The Human Genome Project launched in 1990 with the aim to sequence 95% of the DNA in human cells in just 15 years. In 1992, John Sulston submitted a grant application for £40-50 million to fund a new centre – the Sanger Centre – which was to form the British arm of the Human Genome Project’s sequencing efforts. In 1993 – with funding from the Wellcome Trust and MRC – the Sanger Centre (now Sanger Institute) was officially opened.
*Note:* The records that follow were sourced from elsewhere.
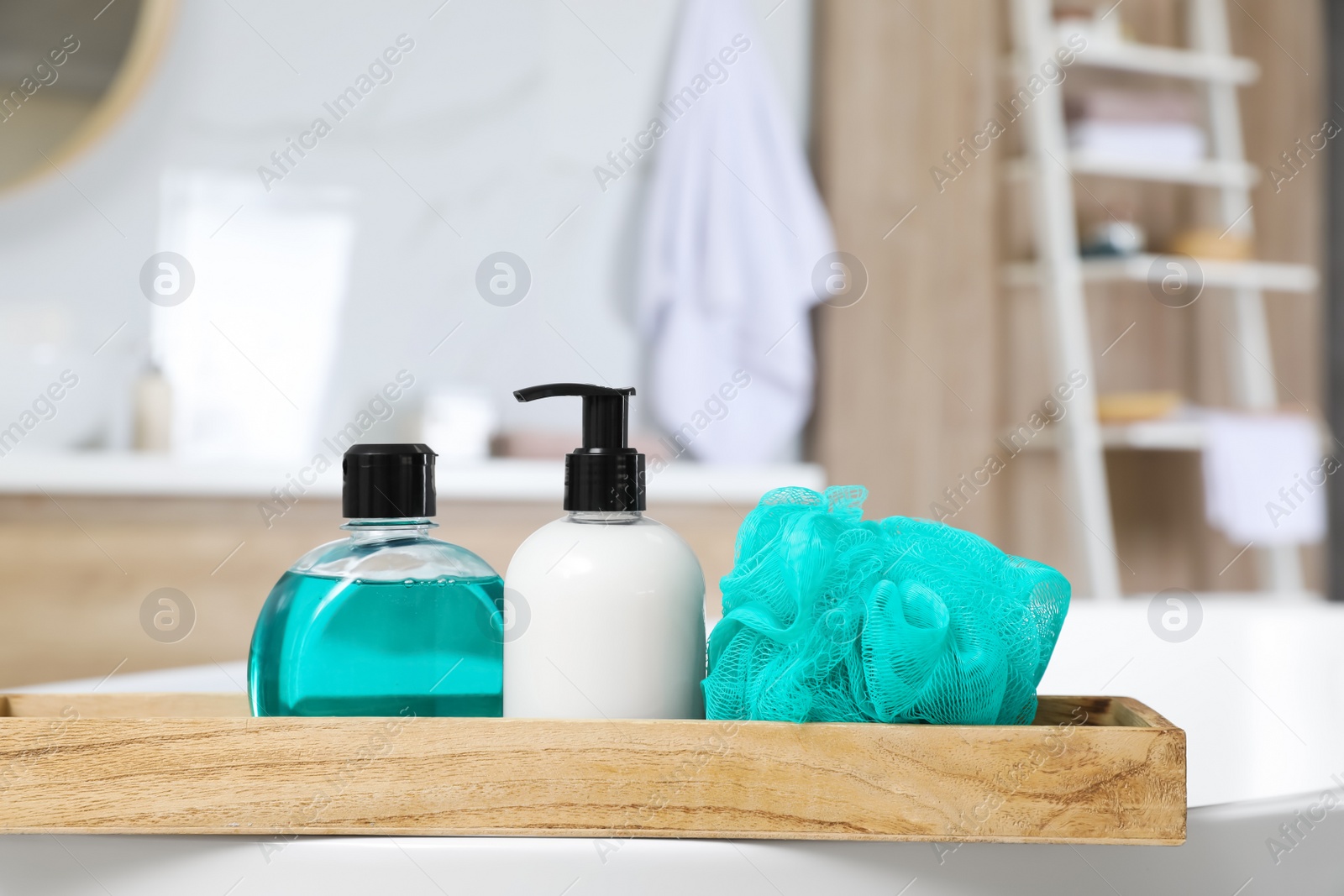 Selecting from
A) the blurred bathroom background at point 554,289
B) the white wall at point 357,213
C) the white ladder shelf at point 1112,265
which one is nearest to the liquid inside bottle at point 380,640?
the blurred bathroom background at point 554,289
By 1994, the Sanger Institute had produced its first 100,000 bases of human DNA sequence and the benefit of the project quickly became clear; for example: in 1995, researchers from the Sanger Centre, with international collaborators, located the BRCA2 gene, associated with increased risk of breast cancer.
In September 2003 the ENCODE – the Encyclopedia Of DNA Elements – consortium was formed to carry out an ambitious project to identify all functional elements in the human genome sequence. Following on from a successful pilot phase on 1% of the genome, the scale-up to the entire genome is now underway. GENCODE is a sub-project of ENCODE which aims to annotate all evidence-based gene features in the entire human genome at a high accuracy resulting a set of annotations including all protein-coding loci with alternatively transcribed variants, non-coding loci with transcript evidence, and pseudogenes. This is achieved by a combination of initial manual annotation by the Human and Vertebrate Analysis and Annotation (HAVANA) team, experimental validation by the GENCODE consortium and a refinement of the annotation based on these experimental results.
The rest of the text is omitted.